Bassetki: Looted Statue and Ancient City

Back in 2003, looters took advantage of the chaos that followed the American conquest of Baghdad to carry off thousands of valuable objects from the Iraqi national museum. Among them was the "Bassetki Statue," a cast-copper figure showing the legs and lower torso of a naked man found in the 1960s near the village of Bassetki. This is a massive thing, weighting 150 kilograms (330 pounds).

Not much to look at, but it has an inscription on the base in old Akkadian that makes it an important historical source as well as a work of art:
The inscription deals with the Akkadian ruler Naram-Sin (2254–2218 BCE), grandson and third successor of Sargon of Akkad, the founder of the Akkadian Empire. It recounts that, after Naram-Sin crushed a large-scale revolt against his rule, the inhabitants of the city of Akkad asked the gods to make Naram-Sin the god of their city, and that they built a temple for him in the middle of the city.
Like many of those looted objects, this statue was eventually recovered and returned to the museum. American MPs found it coated in axle grease and submerged in a cesspool behind the house of some suspected artifact dealers.

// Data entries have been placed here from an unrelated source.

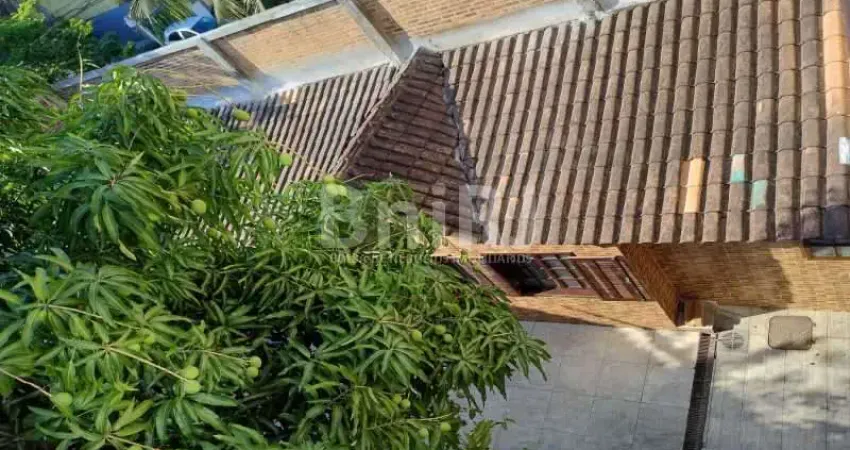 Casa Condomínio Fechado Portaria 24hs.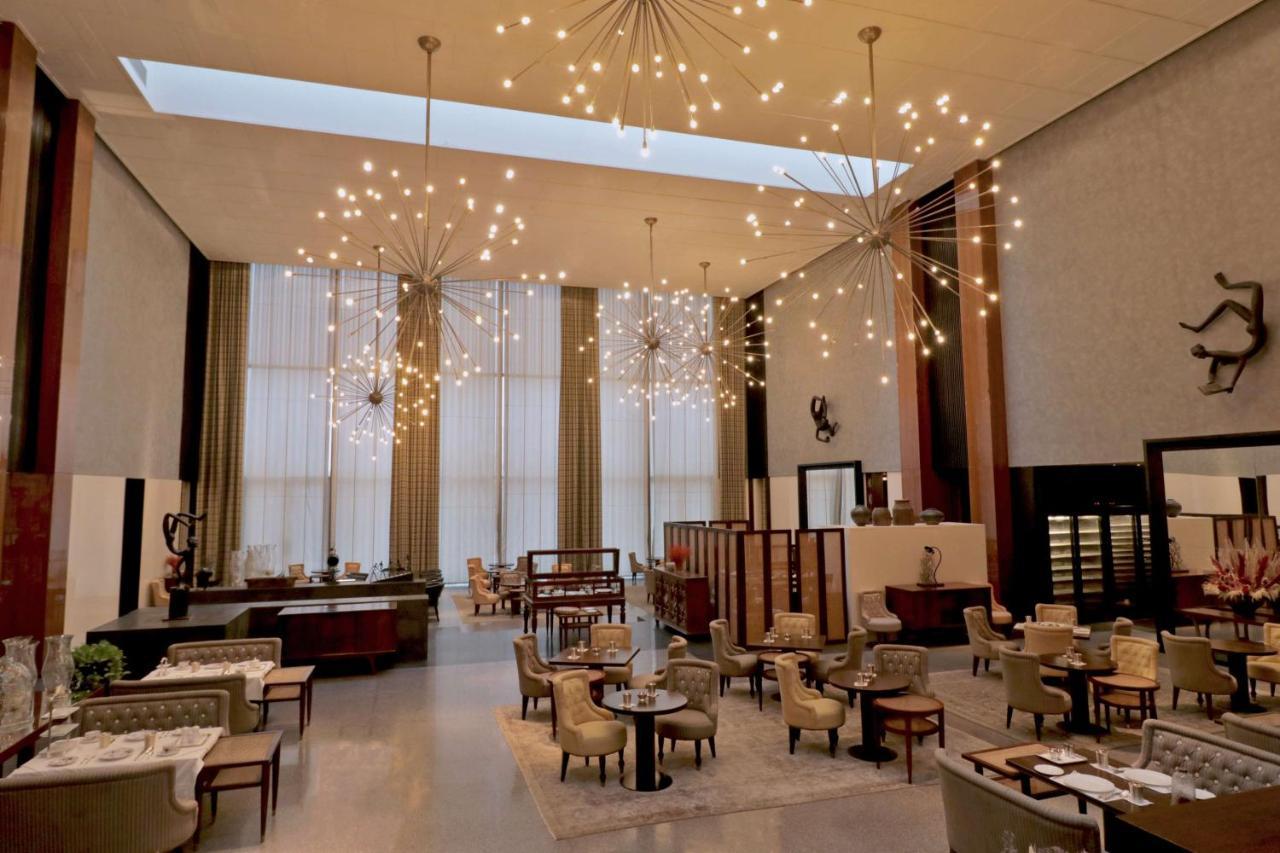 Grand Hyatt Gurgaon Hotell Exteriör bild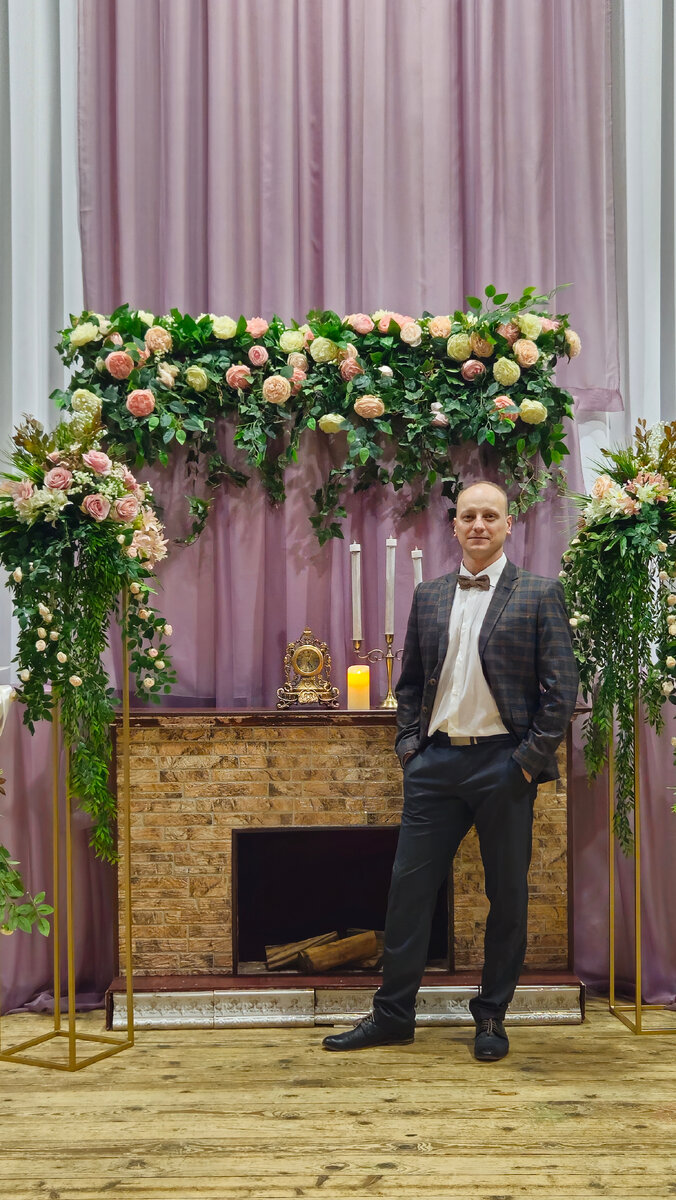 Участниками стали студенты медицинского колледжа, которые смогли удивить всех своей красотой и грацией. 🩺💊💃🕺 Они два месяца усердно готовились к этому событию, и их усилия окупились с лихвой! 👏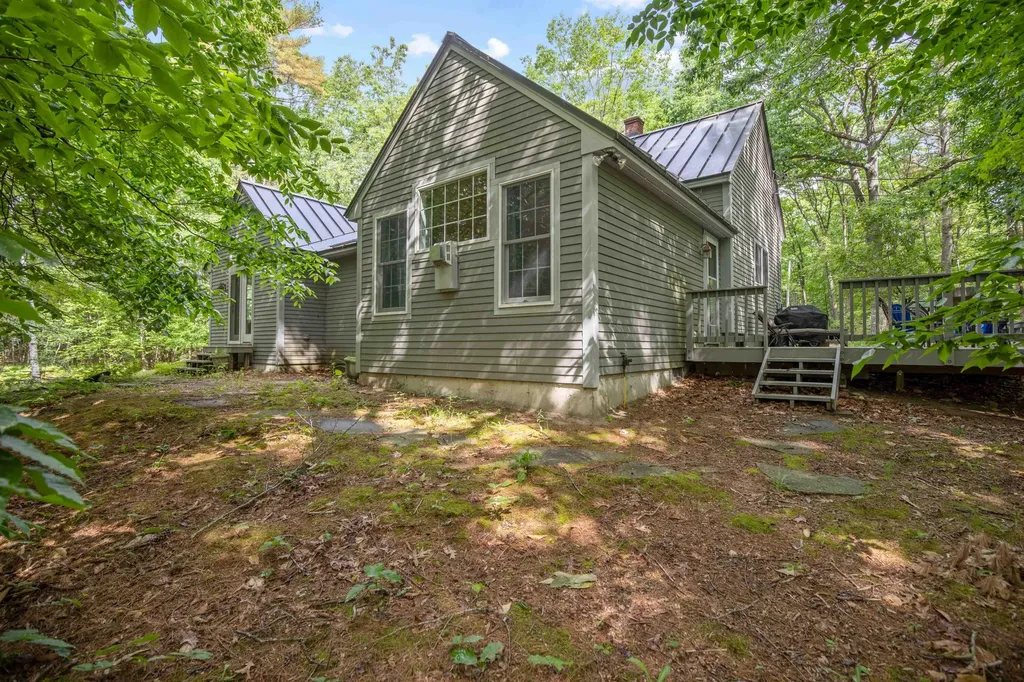 18 Old Pond Road Buxton ME 04093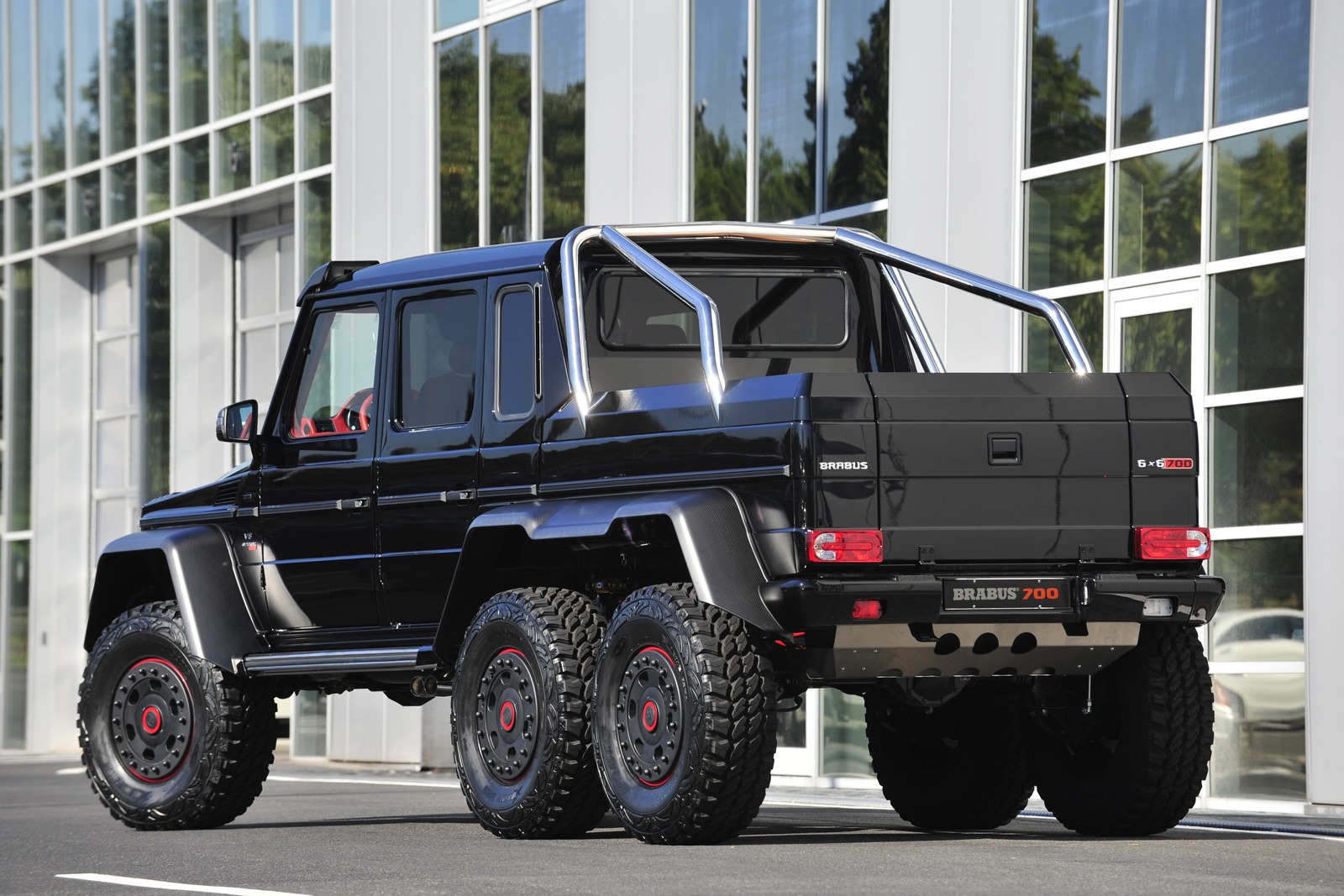 Brabus-B63S-700-6x6-22.jpg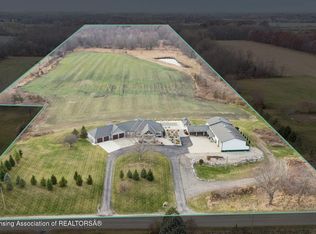 9285 Guinea Rd, Grand Ledge, MI 48837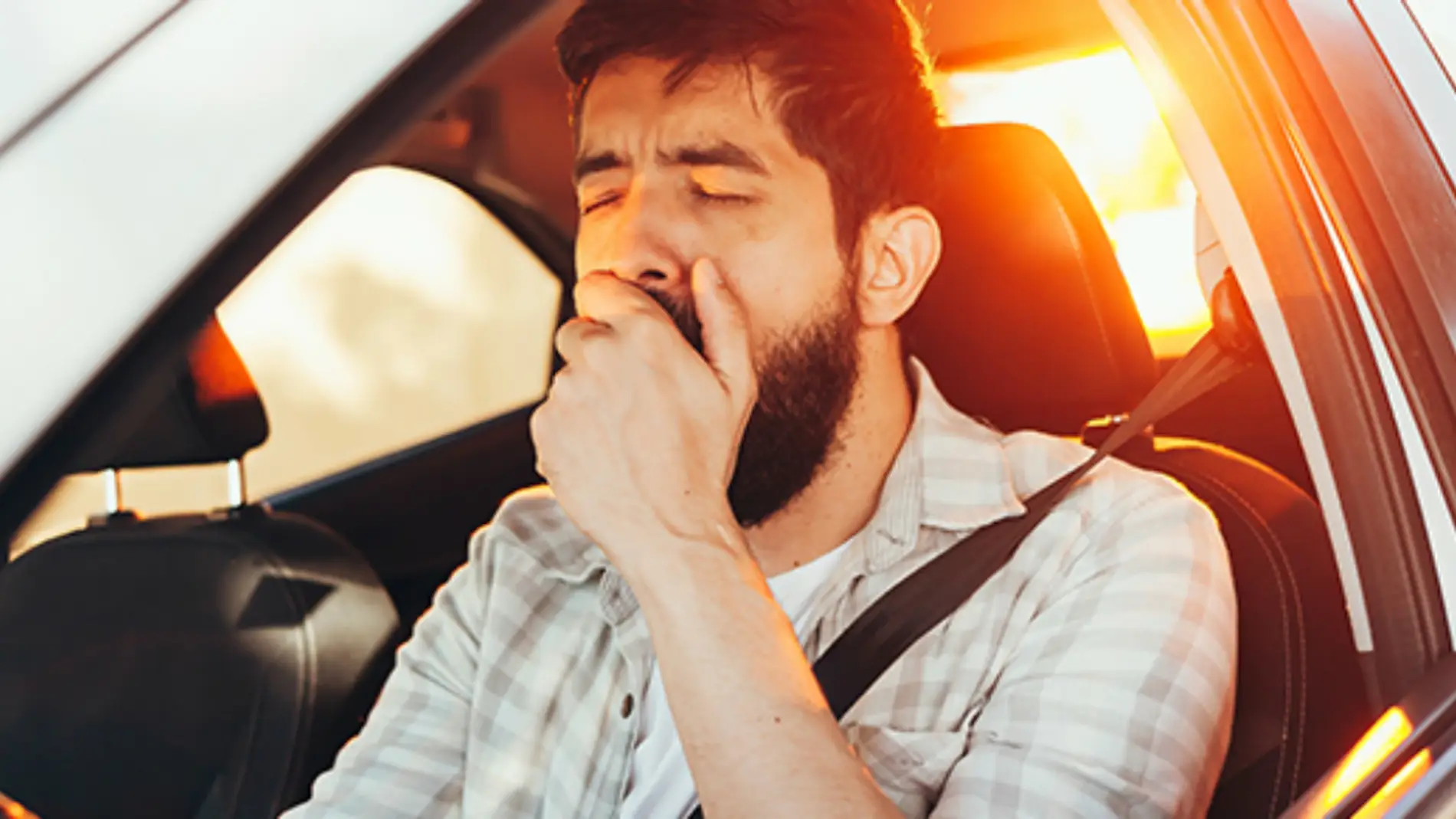 Cuidado con el síndrome postvacacional: también afecta a tu conducción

But why was the statue found at Bassetki, a small Kurdish village with no known ancient site? Puzzled, some German archaeologists from the University of Tübingen decided to investigate. They have just revealed that in digs this Autumn they found an ancient city to go with the famous artifact. Digging down through ten or so feet of recent alluvium and debris in (to judge from this picture) radically unsafe trenches that in the U.S. could get you sent to jail, they found extensive Bronze Age remains:
As a result, they were able to preempt the construction work on a highway on this land. The former significance of the settlement can be seen from the finds discovered during the excavation work. The city already had a wall running around the upper part of the town from approximately 2700 BC onwards in order to protect its residents from invaders. Large stone structures were erected there in about 1800 BC. The researchers also found fragments of Assyrian cuneiform tablets dating from about 1300 BC, which suggested the existence of a temple dedicated to the Mesopotamian weather god Adad on this site. There was a lower town about one kilometer long outside the city center. Using geomagnetic resistance measurements, the archaeologists discovered indications of an extensive road network, various residential districts, grand houses and a kind of palatial building dating from the Bronze Age. The residents buried their dead at a cemetery outside the city. The settlement was connected to the neighboring regions of Mesopotamia and Anatolia via an overland roadway dating from about 1800 BC.
Which is a lot to find out in two months of digging. So kudos to them to learning a lot in a hurry, even if they did use trenches that might collapse and kill people. These same archaeologists have spent the past few years wandering around Iraq and Syria trying to document threatened archaeological sites before somebody blows them up – "we fight ISIS as archaeologists", says their leader, Professor Doktor Peter Pfälzner – so maybe life in a war zone has made them careless of little things like the risk of getting buried in their own trenches.

4 comments:

Unknown said...

Not much to look at? What an intriguing piece! The legs convey a compelling meld of relaxation and significant pattern . . . And who knew the ancient Mesopotamians were capable of giving the body such fluidity? Lot's of people, probably, but not me. And how would relaxed legs fit into a celebration of victory? I'm delighted it's back in circulation. Plus, praise to whoever was willing to look in that cesspool.

G. Verloren said...

Wouldn't the safety of the trenches depend entirely on the condition of the soil?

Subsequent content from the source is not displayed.